French Polynesia Pummeled as Barging Bigfoot Breaks Taboos! Papeʻete Panics!
Forget grass skirts, coconuts, and beautiful hula girls. Forget balmy breezes, Firi firi, and romantic tropical sunsets. No, forget it all. A nasty Bigfoot has stepped ashore. "Tahiti may never recover from this insult!", explained a shocked te pae tahatai beach bum sipping on a high-octane pia, "Why would a smelly Sasquatch would come here to our island paradise, of all places! Send it back where it came from!"
Ape-man captured on camera at Tahiti beach during sunset. "That was no beautiful tropical island girl! Nice hair, though..." |
Grotesque and gamey simian sighting near the Grottes de Mara's cave complex. |
Tahitian animal control officials suspect the creature was hiding-out in the Grottes de Mara's caves between rancid fried-food raids, but the island police were too disgusted to find out.

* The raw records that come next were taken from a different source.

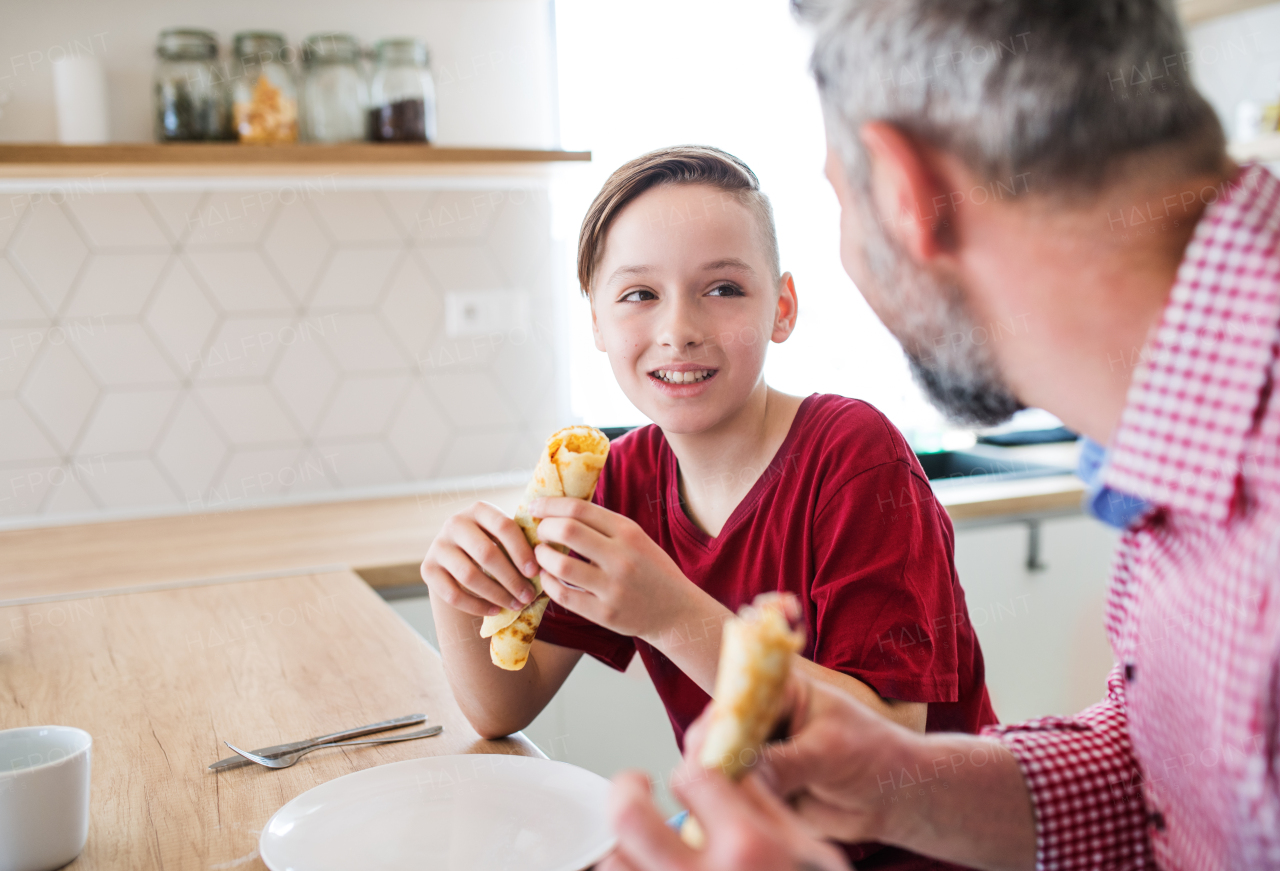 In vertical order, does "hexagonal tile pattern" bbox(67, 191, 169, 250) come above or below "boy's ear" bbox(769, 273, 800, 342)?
above

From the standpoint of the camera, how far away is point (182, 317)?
1987mm

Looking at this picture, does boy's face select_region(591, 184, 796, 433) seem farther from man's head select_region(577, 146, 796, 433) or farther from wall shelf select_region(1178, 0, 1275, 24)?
wall shelf select_region(1178, 0, 1275, 24)

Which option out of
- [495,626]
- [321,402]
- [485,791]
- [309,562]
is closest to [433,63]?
[321,402]

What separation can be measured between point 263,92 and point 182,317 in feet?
1.55

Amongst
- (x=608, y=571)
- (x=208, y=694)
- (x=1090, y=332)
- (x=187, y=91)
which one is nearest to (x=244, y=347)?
(x=187, y=91)

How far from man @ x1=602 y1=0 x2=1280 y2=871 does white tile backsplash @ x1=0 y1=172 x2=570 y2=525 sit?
1543 millimetres

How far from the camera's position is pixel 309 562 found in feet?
5.34

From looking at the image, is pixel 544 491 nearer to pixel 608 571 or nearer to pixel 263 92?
pixel 608 571

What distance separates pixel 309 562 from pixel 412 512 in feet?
1.29

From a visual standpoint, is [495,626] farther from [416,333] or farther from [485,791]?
[416,333]

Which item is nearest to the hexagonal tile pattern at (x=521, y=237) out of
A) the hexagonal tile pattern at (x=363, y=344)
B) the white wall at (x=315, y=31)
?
the white wall at (x=315, y=31)

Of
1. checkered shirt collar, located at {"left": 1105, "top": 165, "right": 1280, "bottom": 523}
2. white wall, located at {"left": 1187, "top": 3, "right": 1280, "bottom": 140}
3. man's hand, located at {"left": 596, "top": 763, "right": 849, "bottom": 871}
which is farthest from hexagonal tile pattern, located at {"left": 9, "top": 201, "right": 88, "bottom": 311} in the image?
white wall, located at {"left": 1187, "top": 3, "right": 1280, "bottom": 140}

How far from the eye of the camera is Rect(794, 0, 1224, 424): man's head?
1.89 ft

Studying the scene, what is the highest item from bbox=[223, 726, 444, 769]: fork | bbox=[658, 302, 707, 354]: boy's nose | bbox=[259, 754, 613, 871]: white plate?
bbox=[658, 302, 707, 354]: boy's nose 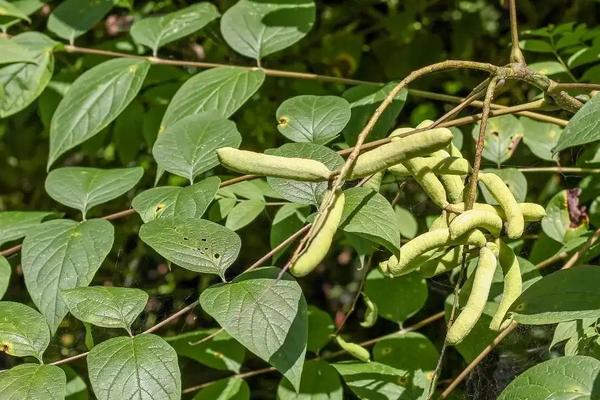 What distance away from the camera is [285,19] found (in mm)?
1719

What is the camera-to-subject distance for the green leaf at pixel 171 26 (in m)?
1.74

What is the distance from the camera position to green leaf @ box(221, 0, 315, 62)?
1688mm

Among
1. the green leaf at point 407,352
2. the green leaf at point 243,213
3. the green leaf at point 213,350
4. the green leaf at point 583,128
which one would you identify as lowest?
the green leaf at point 213,350

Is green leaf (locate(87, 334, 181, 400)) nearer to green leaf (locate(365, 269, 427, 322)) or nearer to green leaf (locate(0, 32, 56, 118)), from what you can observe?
green leaf (locate(365, 269, 427, 322))

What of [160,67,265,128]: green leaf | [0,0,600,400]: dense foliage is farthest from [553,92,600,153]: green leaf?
[160,67,265,128]: green leaf

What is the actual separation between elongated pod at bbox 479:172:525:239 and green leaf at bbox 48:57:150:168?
761 millimetres

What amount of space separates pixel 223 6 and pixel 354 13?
21.5 inches

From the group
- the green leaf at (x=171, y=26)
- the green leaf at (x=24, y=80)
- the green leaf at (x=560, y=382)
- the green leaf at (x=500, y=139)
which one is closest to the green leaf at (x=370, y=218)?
the green leaf at (x=560, y=382)

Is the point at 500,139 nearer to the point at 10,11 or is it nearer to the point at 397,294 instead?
the point at 397,294

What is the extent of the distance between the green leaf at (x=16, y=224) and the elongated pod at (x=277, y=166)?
58cm

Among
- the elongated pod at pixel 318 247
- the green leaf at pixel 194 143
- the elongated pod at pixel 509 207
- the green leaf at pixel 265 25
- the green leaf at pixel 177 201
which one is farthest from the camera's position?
the green leaf at pixel 265 25

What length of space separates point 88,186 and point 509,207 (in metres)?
0.72

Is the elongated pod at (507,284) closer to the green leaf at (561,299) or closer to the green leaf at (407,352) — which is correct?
the green leaf at (561,299)

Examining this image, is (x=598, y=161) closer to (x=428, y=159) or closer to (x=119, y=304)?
(x=428, y=159) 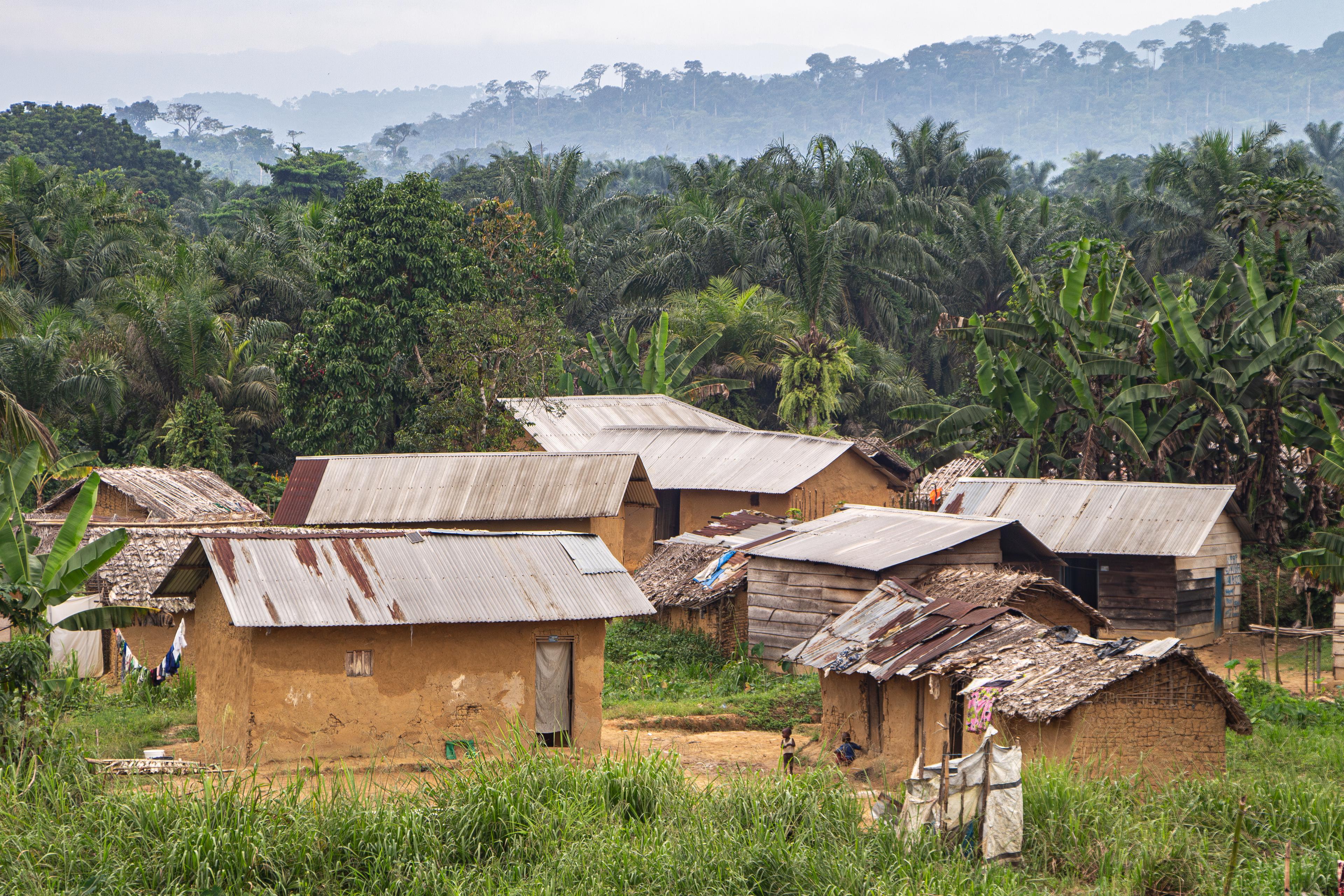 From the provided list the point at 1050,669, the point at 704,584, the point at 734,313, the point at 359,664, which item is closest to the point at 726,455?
the point at 704,584

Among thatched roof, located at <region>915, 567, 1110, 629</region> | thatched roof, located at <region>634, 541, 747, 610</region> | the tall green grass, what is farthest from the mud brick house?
the tall green grass

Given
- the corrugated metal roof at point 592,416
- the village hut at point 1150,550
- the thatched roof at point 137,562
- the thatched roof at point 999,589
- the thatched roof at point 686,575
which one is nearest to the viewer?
the thatched roof at point 999,589

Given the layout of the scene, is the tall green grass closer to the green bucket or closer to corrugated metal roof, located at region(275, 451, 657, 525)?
the green bucket

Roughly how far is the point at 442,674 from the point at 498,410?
1741 centimetres

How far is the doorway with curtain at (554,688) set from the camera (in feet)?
50.0

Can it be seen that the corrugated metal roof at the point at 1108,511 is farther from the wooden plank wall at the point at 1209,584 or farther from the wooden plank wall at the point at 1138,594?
the wooden plank wall at the point at 1138,594

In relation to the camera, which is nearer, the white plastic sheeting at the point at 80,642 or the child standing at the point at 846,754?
the child standing at the point at 846,754

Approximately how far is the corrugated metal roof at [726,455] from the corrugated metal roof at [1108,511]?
178 inches

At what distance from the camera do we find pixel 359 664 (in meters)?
14.5

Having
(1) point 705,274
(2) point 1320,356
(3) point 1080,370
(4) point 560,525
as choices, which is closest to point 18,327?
(4) point 560,525

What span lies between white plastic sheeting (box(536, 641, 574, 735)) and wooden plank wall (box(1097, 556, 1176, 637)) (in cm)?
1085

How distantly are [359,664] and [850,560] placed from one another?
7804 millimetres

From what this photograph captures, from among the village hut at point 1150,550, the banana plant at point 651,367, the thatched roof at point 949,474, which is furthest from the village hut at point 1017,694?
the banana plant at point 651,367

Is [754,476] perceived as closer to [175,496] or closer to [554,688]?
[175,496] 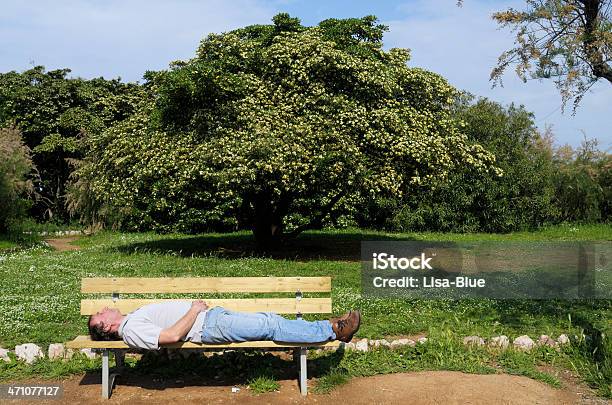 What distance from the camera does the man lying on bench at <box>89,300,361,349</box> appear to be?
16.8 ft

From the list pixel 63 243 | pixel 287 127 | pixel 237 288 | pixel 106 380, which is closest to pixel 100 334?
pixel 106 380

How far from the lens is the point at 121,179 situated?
13.7 m

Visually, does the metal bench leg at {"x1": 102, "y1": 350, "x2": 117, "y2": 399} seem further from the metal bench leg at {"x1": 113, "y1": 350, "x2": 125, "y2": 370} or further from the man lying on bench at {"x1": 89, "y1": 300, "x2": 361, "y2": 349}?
the metal bench leg at {"x1": 113, "y1": 350, "x2": 125, "y2": 370}

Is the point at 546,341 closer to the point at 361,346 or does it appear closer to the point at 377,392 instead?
the point at 361,346

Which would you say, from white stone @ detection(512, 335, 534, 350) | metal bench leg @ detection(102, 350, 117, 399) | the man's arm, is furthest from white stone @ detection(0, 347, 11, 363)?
white stone @ detection(512, 335, 534, 350)

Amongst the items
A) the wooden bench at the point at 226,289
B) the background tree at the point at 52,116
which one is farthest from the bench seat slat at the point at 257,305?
the background tree at the point at 52,116

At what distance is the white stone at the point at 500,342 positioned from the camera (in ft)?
20.4

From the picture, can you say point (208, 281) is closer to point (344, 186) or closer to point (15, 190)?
point (344, 186)

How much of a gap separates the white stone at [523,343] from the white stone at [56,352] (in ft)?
14.4

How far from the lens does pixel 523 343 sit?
629cm

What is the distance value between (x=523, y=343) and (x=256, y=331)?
2.80 meters

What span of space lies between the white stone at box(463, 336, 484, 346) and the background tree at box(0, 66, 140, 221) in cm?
1921

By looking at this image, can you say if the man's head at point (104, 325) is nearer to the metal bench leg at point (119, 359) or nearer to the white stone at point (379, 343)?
the metal bench leg at point (119, 359)

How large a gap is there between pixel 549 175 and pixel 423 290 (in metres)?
14.1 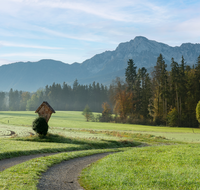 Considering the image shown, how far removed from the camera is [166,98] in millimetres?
74875

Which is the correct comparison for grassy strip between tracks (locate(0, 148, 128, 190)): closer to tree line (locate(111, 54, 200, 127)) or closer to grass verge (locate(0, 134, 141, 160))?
grass verge (locate(0, 134, 141, 160))

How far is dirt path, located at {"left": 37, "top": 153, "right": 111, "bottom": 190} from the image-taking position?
1004 cm

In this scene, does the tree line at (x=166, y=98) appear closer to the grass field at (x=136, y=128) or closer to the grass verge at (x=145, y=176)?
the grass field at (x=136, y=128)

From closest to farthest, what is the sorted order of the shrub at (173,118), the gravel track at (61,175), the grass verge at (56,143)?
the gravel track at (61,175)
the grass verge at (56,143)
the shrub at (173,118)

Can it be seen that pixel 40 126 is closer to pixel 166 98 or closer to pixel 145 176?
pixel 145 176

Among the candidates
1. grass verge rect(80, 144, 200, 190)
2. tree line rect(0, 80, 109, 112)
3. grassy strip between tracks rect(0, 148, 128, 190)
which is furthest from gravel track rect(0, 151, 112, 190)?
tree line rect(0, 80, 109, 112)

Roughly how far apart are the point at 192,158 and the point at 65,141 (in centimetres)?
1730

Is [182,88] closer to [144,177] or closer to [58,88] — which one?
[144,177]

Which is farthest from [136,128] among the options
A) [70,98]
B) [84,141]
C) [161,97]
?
[70,98]

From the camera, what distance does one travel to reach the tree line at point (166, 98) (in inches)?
2805

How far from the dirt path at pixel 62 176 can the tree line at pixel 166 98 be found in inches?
2385

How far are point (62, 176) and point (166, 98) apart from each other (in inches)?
2649

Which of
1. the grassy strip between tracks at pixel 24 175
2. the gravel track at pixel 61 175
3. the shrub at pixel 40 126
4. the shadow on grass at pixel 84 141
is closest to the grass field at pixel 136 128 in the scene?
the shadow on grass at pixel 84 141

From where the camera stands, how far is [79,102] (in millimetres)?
170875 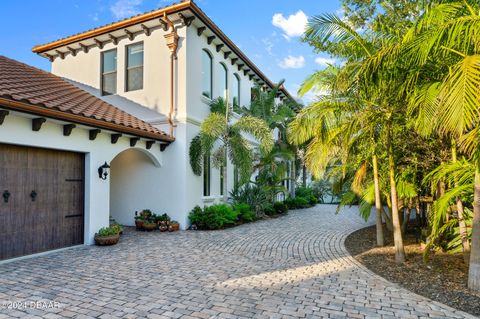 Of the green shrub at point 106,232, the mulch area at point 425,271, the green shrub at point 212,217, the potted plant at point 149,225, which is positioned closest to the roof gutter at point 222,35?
the green shrub at point 212,217

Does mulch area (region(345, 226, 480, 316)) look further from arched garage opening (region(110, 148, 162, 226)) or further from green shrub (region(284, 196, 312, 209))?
green shrub (region(284, 196, 312, 209))

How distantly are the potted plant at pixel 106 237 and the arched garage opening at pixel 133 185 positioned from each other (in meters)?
3.09

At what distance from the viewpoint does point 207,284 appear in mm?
5207

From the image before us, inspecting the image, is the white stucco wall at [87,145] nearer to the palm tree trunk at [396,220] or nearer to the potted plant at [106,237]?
the potted plant at [106,237]

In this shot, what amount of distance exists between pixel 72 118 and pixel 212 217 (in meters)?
5.62

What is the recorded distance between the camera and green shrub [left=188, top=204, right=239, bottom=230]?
10.9m

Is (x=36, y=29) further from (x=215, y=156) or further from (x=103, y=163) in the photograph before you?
(x=215, y=156)

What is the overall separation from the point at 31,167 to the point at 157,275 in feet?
13.6

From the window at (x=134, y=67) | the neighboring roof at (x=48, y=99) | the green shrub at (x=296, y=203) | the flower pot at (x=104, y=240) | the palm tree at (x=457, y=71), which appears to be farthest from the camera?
the green shrub at (x=296, y=203)

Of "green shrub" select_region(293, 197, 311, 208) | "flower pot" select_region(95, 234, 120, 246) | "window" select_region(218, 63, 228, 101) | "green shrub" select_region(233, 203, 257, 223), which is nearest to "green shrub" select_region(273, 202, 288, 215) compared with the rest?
"green shrub" select_region(293, 197, 311, 208)

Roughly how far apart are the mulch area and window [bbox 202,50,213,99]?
7965mm

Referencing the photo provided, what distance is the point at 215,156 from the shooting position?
11.5 meters

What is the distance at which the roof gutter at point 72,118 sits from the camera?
608 cm

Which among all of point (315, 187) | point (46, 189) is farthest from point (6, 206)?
point (315, 187) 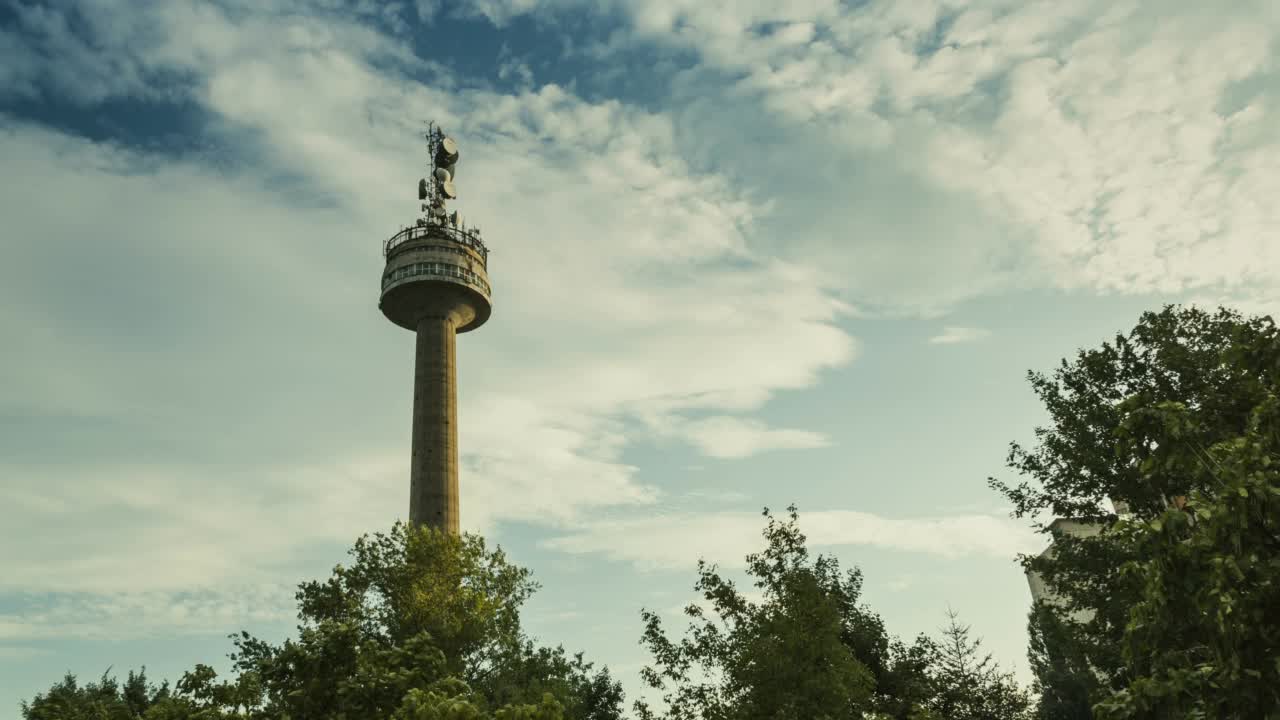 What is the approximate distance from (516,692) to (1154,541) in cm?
2991

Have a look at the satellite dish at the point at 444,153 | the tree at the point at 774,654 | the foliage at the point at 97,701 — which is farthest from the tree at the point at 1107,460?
the satellite dish at the point at 444,153

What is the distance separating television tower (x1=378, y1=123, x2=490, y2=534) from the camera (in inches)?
2040

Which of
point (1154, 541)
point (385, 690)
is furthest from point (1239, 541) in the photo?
point (385, 690)

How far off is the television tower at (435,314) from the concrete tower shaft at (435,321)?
6 cm

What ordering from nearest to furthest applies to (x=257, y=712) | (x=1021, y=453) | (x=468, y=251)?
(x=257, y=712)
(x=1021, y=453)
(x=468, y=251)

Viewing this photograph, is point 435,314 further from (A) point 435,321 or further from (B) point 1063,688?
(B) point 1063,688

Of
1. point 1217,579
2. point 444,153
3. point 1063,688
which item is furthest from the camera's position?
point 444,153

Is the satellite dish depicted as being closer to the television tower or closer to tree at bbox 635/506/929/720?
the television tower

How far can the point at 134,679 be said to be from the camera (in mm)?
71875

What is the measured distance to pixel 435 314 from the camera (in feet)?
188

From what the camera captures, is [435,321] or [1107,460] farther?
[435,321]

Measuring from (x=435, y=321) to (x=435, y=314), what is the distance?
1.77 feet

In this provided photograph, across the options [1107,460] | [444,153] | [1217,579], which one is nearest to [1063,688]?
[1107,460]

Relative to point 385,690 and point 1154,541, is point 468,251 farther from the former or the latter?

Clues abound, but airline and customs officials are left absolutely clueless! |
How did the beast barge into Tahiti? How did it get there? These questions are stumping pseudo-naturalists and cryptozoologists across Oceania. Dr. Karl Blinng, President-for-Life of the YET NOT SETI Institute located in Yuba City (the South Pacific of California's Central Valley), has some ideas. "I have an idea! It's even my own idea. I'm rather excited about it. This Bigfoot came over in a modified outrigger canoe! Very modified. As in, it was as wide as a whale, ah... so was the outrigger. Why did it cross the Pacific Ocean from the USA to Tahiti? How do I know? Do I know what goes on in the Sasquatch Mind? Don't be a fool. I barely know what goes on in my own head!"